Keep nice-smelling items in your closets and drawers

Even if you stick to all the tips above, if your storage area doesn't smell fresh, neither will your clothes and linens. Make sure closets, drawers, and storage bins are clean before putting your laundry away. Prevent smells from getting inside in the first place by only placing clean items in storage. Cedar closets and cedar clothes hangers have a naturally occurring smell that is very pleasant, so you can opt for these materials if you enjoy the woodsy fragrance.
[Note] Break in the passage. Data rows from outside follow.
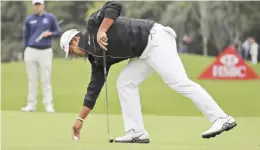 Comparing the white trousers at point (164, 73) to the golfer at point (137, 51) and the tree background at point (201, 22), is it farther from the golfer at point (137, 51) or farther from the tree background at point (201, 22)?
the tree background at point (201, 22)

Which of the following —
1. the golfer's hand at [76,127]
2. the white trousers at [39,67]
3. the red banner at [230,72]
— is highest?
the golfer's hand at [76,127]

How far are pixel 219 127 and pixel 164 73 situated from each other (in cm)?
79

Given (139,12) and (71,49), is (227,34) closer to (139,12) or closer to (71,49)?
(139,12)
There are other ways to add a fresh scent to your closet. First, start with removing any unpleasant scents. You can buy air-purifying bags, which contain odor-absorbing activated charcoal, or use items you already have around the house. A small bowl of baking soda or coffee grounds placed in the closet can help absorb smells. 

There are a few options for adding a nice scent to your storage area. You can buy or make your own dried herb sachets, using lavender, mind, rosemary, or other fragrant herbs. Essential oils are another naturally derived option; just dot a few drops on a cotton pad and place it in the back of your closet. Dryer sheets have an infamously fresh smell, and if you want to impart that on your linens and clothes, throw some into your storage area.